共识难成、行政威权止于境内,都使H股公司股改难以获得像纯A股公司那样的稳定预期;一着不慎带来诉讼风险,则会面临巨大的不确定性,这也是这些公司所要避免的。唯一庆幸的是,处理得好,能预见到的诉讼风险是可能规避的。但怎样规避呢?
破围契机:收权还是放权
正所谓“解铃还需系铃人”,内地股市的股权分置源于行政权力主导设计,解决这个遗留病症及其连锁反应自然也离不开政府,这也是当前中国制度变革的现实路径依赖。
从决策层的最初思路来看,显然是一要政府保持“超脱”、充分“放权”,不具体介入公司的股改方案,避免使政府陷于法律上的被动;二是认为出台了相关的管理规定和操作办法后,即使不补偿H股股东也不会引发诉讼。但越来越多的迹象表明,这种想法很可能是一厢情愿的。
一旦因未达成共识引发纷争,事实上不仅当事公司,政府部门也很难全身而退。股改本身就是一项行政权力推动下的行为,虽然抽象行政行为本身不可诉,但境外投资者不难从个案中找到突破口。譬如,早在第一批股改试点公司公布之后,就有报道称有公司是“先”接到通知被选为股改试点才设计方案进行股改的。像这类公司,就很容易被说成不是自愿进行股改、而是应政府要求被迫进行,这样就很难再坚称股改只是平等民事主体之间协商后的补偿行为了;而如果是行政行为,就应该公平地对待所有投资者,未被补偿的境外股东就可能将诉讼对象对准政府。当然政府有豁免权,但前提是政府必须证实自己的所为是行政行为才能享有豁免权,而这又偏离了政府最初期望的股改本意。
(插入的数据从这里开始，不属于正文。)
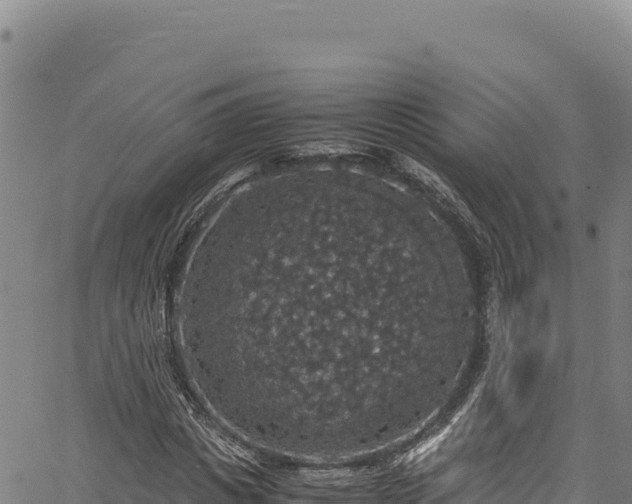 X0000064770825200602131314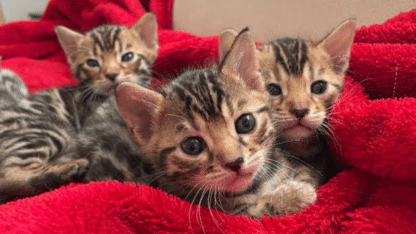 Bengal-Kittens-For-Sale-in-Dubai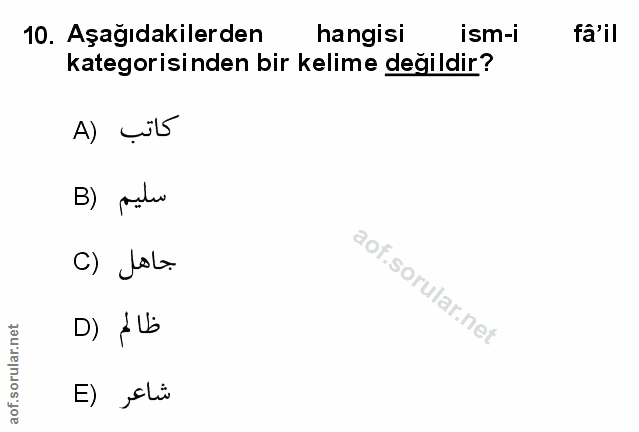 Soru 10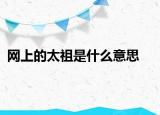 网上的太祖是什么意思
本着避免直接操刀股改、同时尽可能消除不确定性因素的思路,中国证监会有意加强与境外证券市场管理层的沟通。香港证监会主席沈联涛日前表示,就内地股改方案对香港H股的影响,香港证监会一直在与中国证监会及港交所进行磋商,但至今仍未能达成最后的看法。据了解,香港证监会的态度是:最重要的是不能影响香港市场的流动性及稳定性,“如果有发生会损害H股股东的个案,香港证监会就会向内地监管层提出意见”(香港证监会主席办公室中国政策顾问王沅语)。退一步讲,即使监管层之间达成了共识,能在多大程度上弥合不同市场投资者之间的看法仍不确定,对消除现实诉讼危害的价值也不可高估。“如果是宪法保护的财产权受到损害,无论市场监管部门之间的共识、政府文件甚至一般法律都不能成为免责理由。”清华大学法学院副教授汤欣表示(当然他的观点是,应不予门H股股东补偿且不属于损害其财产权)。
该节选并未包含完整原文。